(RECORD EXTRACTS begins)
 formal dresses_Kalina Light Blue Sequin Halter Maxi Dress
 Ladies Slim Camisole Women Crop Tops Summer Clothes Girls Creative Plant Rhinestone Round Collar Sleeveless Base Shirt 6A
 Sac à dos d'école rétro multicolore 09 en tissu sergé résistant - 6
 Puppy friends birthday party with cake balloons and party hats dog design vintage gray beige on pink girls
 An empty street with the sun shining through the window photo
(RECORD EXTRACTS ends)
(RECORD EXTRACTS begins)
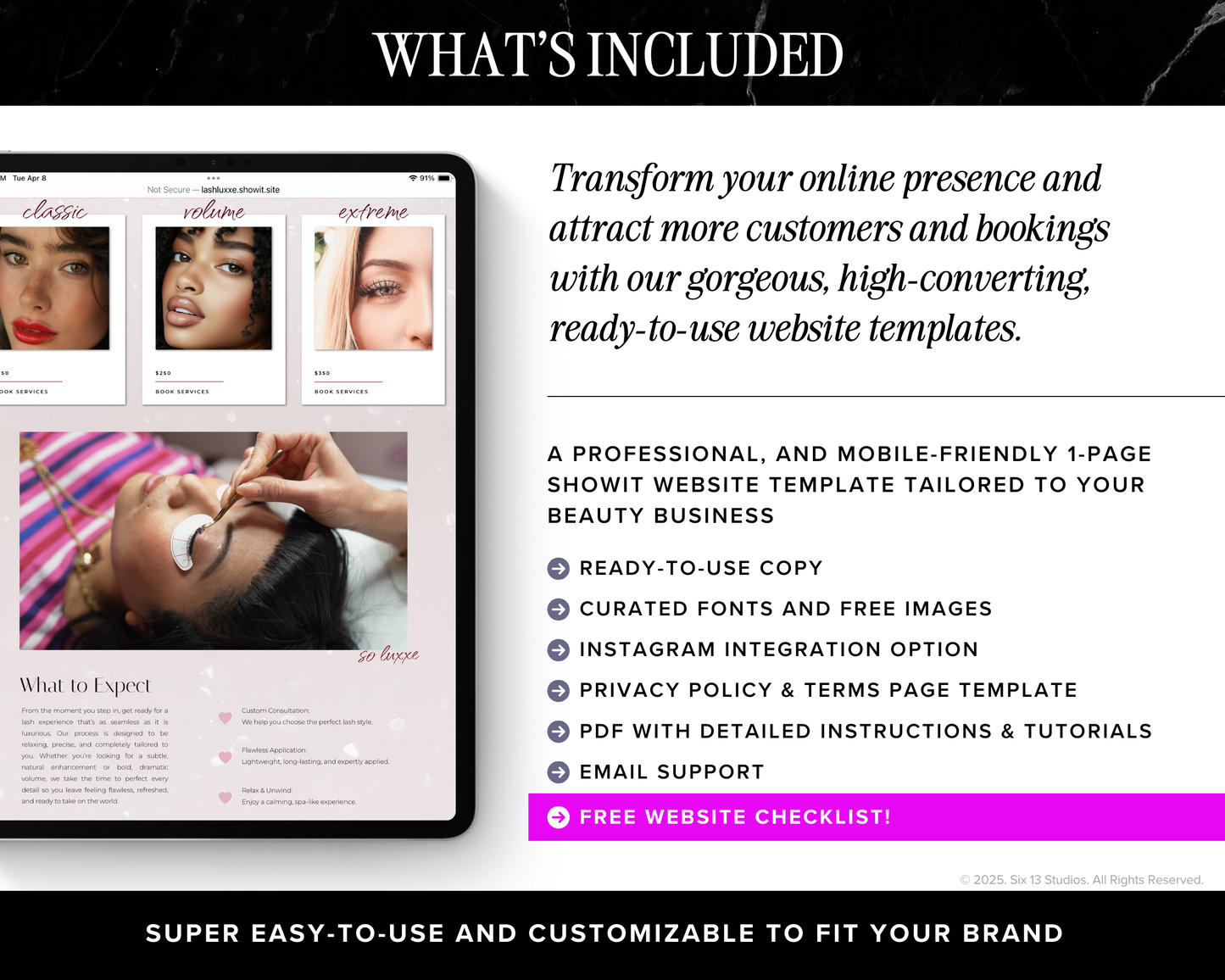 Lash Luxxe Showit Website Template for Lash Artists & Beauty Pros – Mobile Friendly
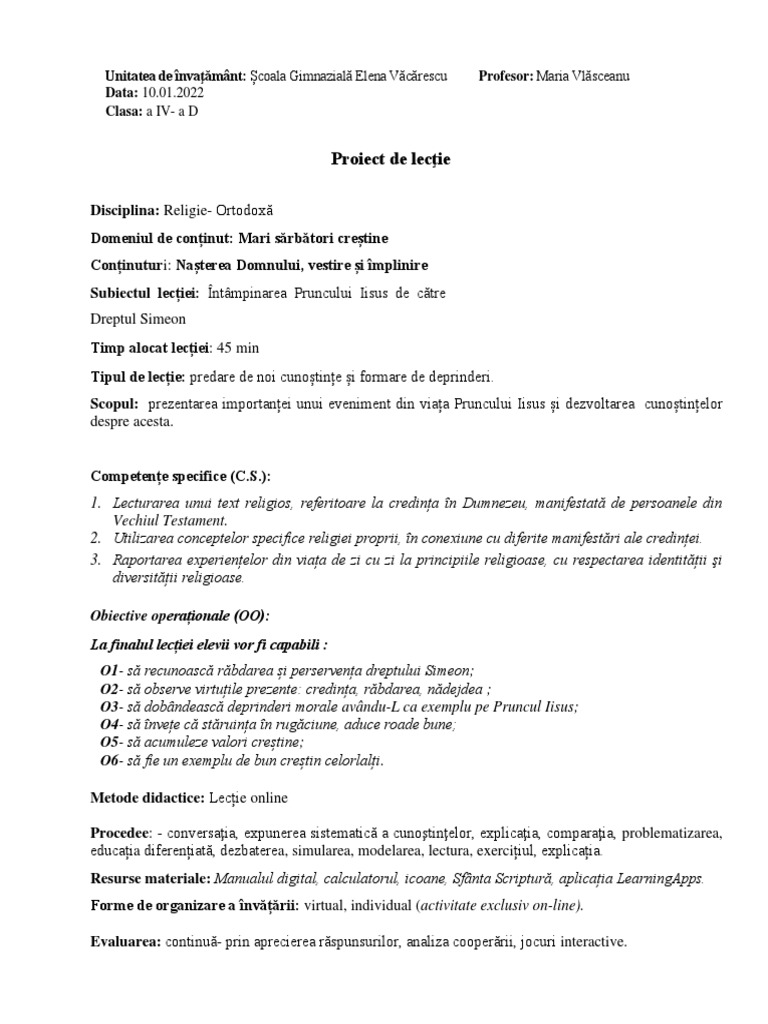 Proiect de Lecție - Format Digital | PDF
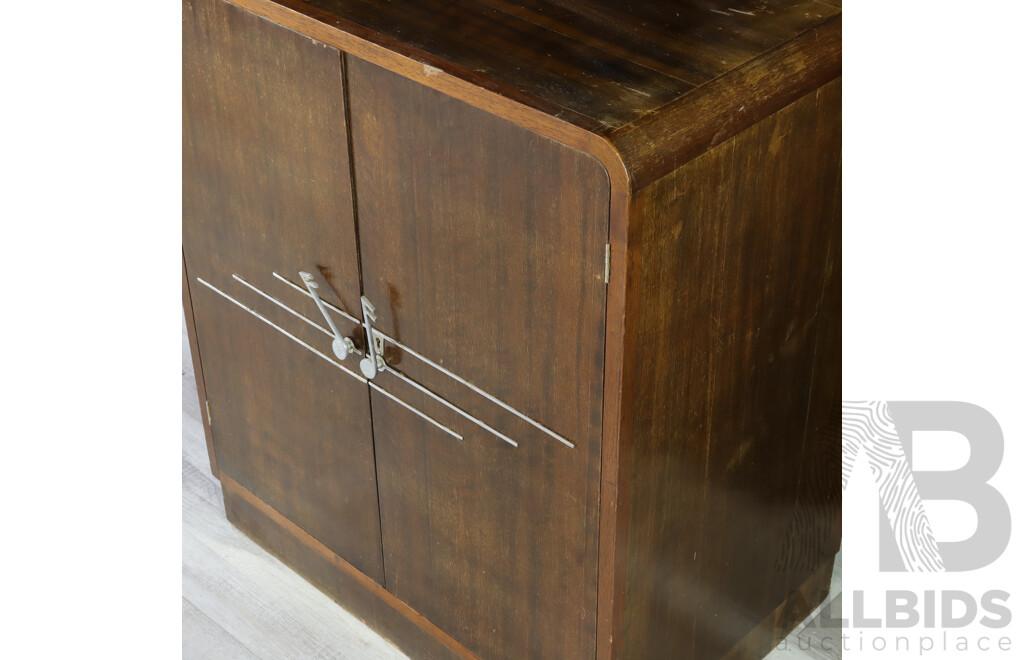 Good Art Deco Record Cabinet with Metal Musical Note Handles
(RECORD EXTRACTS ends)
(RECORD EXTRACTS begins)
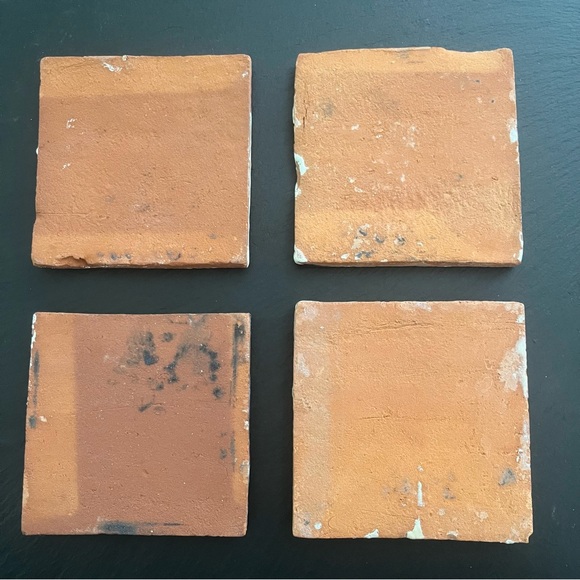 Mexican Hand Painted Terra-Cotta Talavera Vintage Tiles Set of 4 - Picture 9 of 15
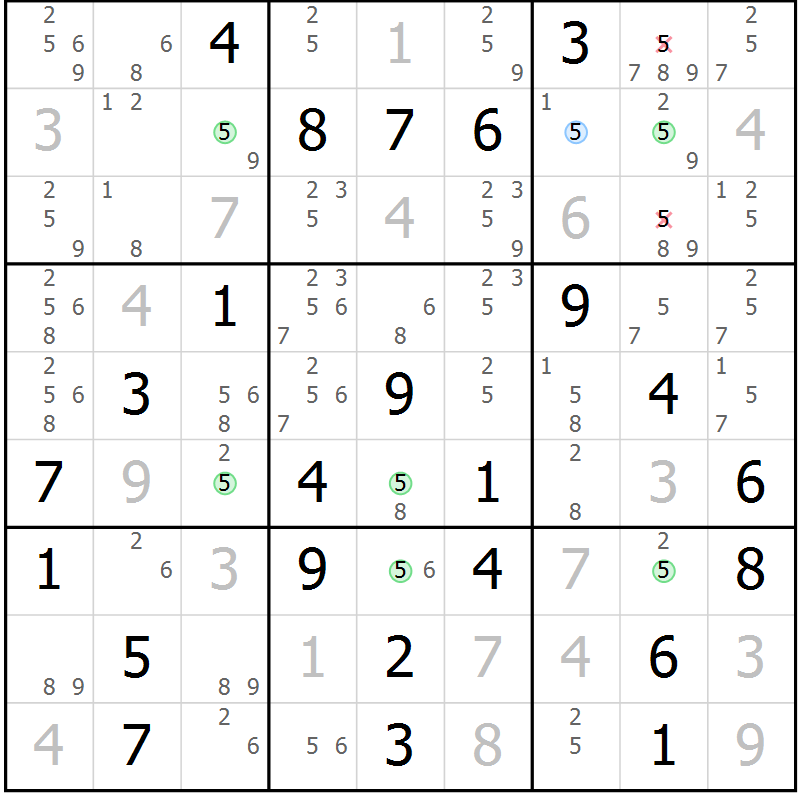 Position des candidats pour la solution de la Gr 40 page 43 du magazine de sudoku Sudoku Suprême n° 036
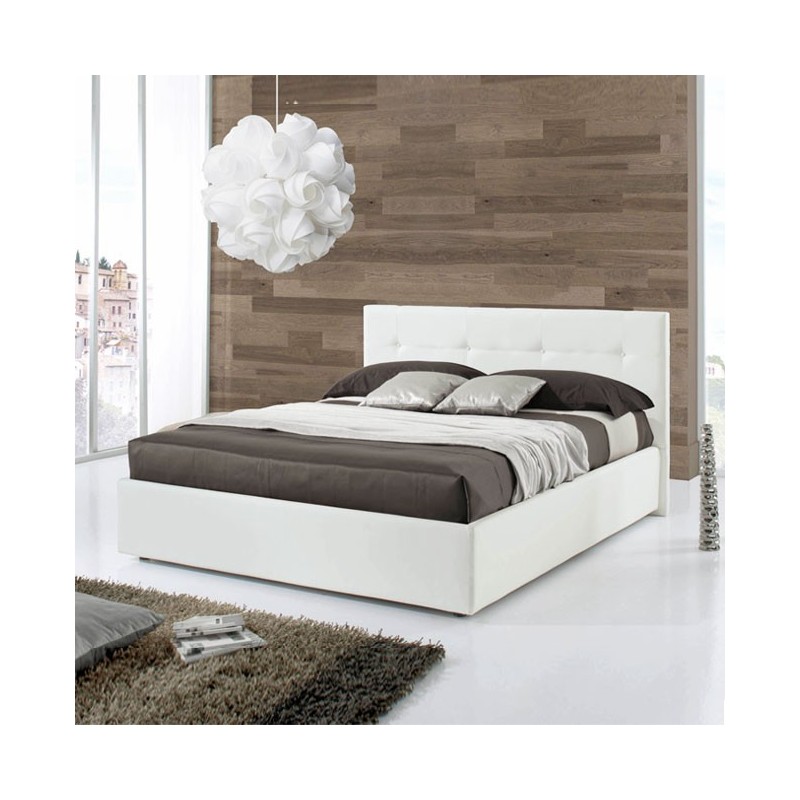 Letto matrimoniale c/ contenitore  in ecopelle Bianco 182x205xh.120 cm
(RECORD EXTRACTS ends)
ASSIGNMENT
Taking the entries above, restate exactly those lines that fall between the line with "Ladies Slim Camisole" and the line with "Sac à dos d'école", keeping both of those lines too.

ANSWER TO THIS PROBLEM
 Ladies Slim Camisole Women Crop Tops Summer Clothes Girls Creative Plant Rhinestone Round Collar Sleeveless Base Shirt 6A
 Sac à dos d'école rétro multicolore 09 en tissu sergé résistant - 6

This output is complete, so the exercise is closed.